II. – En conséquence, compléter le même alinéa 15 par les mots :
« pour en tirer, directement ou indirectement, un avantage financier ou un autre avantage matériel ».
Le présent amendement de repli propose d’ajouter deux conditions cumulatives à la définition d’une organisation criminelle, permettant de mieux identifier ce type de criminalité : le pouvoir d’intimidation et la poursuite d’avantages financiers.
L’infraction créée à l’article 9 est inopérante en l’état, car elle ne fait que reprendre l’association de malfaiteurs en bande organisée. La définition de l’organisation criminelle, fondée uniquement sur l’existence d’une structure pérenne en vue de commettre des crimes ou délits, est trop vague et pourrait être utilisée contre des personnes qui n’ont rien à voir avec le crime organisé.

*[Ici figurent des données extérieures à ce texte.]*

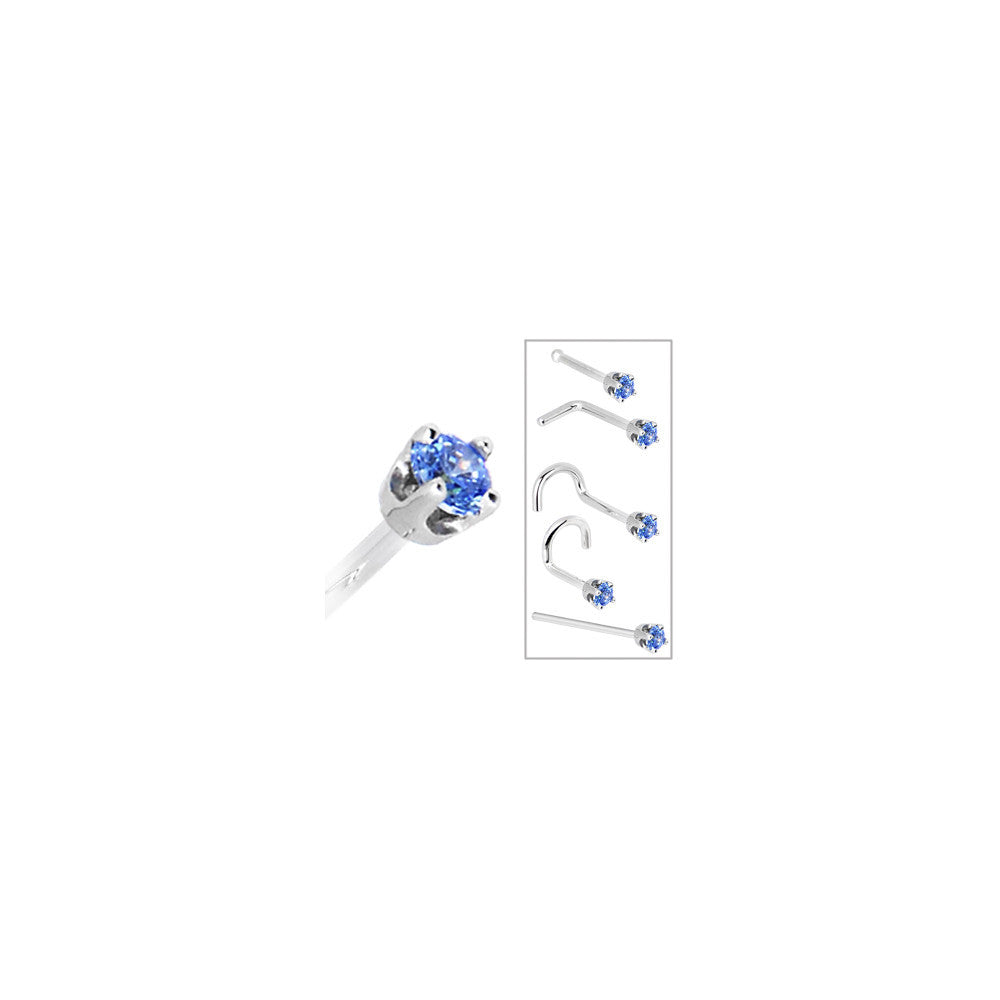 Solid 14K White Gold 2mm Arctic Blue Cubic Zirconia Nose Ring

Les groupes criminels organisés à l'œuvre en France se différencient des simples associations de malfaiteurs en bandes organisées par leur volonté de devenir un pouvoir parallèle à celui des instances que la société s'est donnée pour se gouverner. Le rapport d'enquête sénatorial d’avril 2024 recommande à ce titre « d'étendre l'infraction d'association de malfaiteurs sur le modèle de la loi anti-mafia italienne. »
Or le délit d’association mafieuse italien est caractérisé par l’appartenance à une organisation pérenne dont le but est de commettre des délits ou de pénétrer l’économie légale en usant du pouvoir d’intimidation et de l’assujettissement qui en découle.

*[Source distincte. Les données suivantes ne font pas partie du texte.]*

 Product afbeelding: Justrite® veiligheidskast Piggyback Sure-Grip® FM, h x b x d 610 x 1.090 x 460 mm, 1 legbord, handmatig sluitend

Pour la Cour de Cassation italienne, le pouvoir d’intimidation du lien associatif « jaillit des comportements humains précédemment réalisés par les associés. Plus particulièrement, la force d’intimidation actuelle d’une association dépend des actes systématiques de violence et d’intimidation commis par ses membres dans le même contexte territorial ou social, dans le passé et pour une certaine durée. » (CCass. Italienne, Section V, 21 déc. 2012, n°5143, Nicoscia).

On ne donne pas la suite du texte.